══ INPUT DATA ══

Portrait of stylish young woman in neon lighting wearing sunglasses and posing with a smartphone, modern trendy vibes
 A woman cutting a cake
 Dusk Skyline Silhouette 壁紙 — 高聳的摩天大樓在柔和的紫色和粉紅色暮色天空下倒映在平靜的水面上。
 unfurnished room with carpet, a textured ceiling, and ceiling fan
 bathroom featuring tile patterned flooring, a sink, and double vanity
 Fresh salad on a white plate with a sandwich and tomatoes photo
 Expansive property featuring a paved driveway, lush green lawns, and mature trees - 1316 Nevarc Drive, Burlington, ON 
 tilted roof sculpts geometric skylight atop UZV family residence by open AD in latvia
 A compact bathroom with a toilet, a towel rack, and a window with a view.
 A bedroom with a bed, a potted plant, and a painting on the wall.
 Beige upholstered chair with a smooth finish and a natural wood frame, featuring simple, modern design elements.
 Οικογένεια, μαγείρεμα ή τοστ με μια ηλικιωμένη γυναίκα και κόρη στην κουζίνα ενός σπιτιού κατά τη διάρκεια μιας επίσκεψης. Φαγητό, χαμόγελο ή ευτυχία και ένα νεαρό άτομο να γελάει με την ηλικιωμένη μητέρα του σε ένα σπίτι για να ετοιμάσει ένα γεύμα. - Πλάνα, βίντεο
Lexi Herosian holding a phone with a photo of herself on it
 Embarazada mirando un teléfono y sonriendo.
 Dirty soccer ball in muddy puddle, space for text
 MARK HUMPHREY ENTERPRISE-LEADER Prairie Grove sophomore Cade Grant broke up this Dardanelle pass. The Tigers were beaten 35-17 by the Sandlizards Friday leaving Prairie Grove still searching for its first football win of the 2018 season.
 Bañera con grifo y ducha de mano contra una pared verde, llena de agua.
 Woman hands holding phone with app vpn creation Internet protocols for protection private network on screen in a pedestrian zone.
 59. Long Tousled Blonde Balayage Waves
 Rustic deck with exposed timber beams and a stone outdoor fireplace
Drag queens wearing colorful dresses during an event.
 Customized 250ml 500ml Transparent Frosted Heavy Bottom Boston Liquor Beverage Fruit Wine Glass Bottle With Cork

═══

Every entry above must appear again in the reply, exactly as it stands.

Portrait of stylish young woman in neon lighting wearing sunglasses and posing with a smartphone, modern trendy vibes
 A woman cutting a cake
 Dusk Skyline Silhouette 壁紙 — 高聳的摩天大樓在柔和的紫色和粉紅色暮色天空下倒映在平靜的水面上。
 unfurnished room with carpet, a textured ceiling, and ceiling fan
 bathroom featuring tile patterned flooring, a sink, and double vanity
 Fresh salad on a white plate with a sandwich and tomatoes photo
 Expansive property featuring a paved driveway, lush green lawns, and mature trees - 1316 Nevarc Drive, Burlington, ON 
 tilted roof sculpts geometric skylight atop UZV family residence by open AD in latvia
 A compact bathroom with a toilet, a towel rack, and a window with a view.
 A bedroom with a bed, a potted plant, and a painting on the wall.
 Beige upholstered chair with a smooth finish and a natural wood frame, featuring simple, modern design elements.
 Οικογένεια, μαγείρεμα ή τοστ με μια ηλικιωμένη γυναίκα και κόρη στην κουζίνα ενός σπιτιού κατά τη διάρκεια μιας επίσκεψης. Φαγητό, χαμόγελο ή ευτυχία και ένα νεαρό άτομο να γελάει με την ηλικιωμένη μητέρα του σε ένα σπίτι για να ετοιμάσει ένα γεύμα. - Πλάνα, βίντεο
Lexi Herosian holding a phone with a photo of herself on it
 Embarazada mirando un teléfono y sonriendo.
 Dirty soccer ball in muddy puddle, space for text
 MARK HUMPHREY ENTERPRISE-LEADER Prairie Grove sophomore Cade Grant broke up this Dardanelle pass. The Tigers were beaten 35-17 by the Sandlizards Friday leaving Prairie Grove still searching for its first football win of the 2018 season.
 Bañera con grifo y ducha de mano contra una pared verde, llena de agua.
 Woman hands holding phone with app vpn creation Internet protocols for protection private network on screen in a pedestrian zone.
 59. Long Tousled Blonde Balayage Waves
 Rustic deck with exposed timber beams and a stone outdoor fireplace
Drag queens wearing colorful dresses during an event.
 Customized 250ml 500ml Transparent Frosted Heavy Bottom Boston Liquor Beverage Fruit Wine Glass Bottle With Cork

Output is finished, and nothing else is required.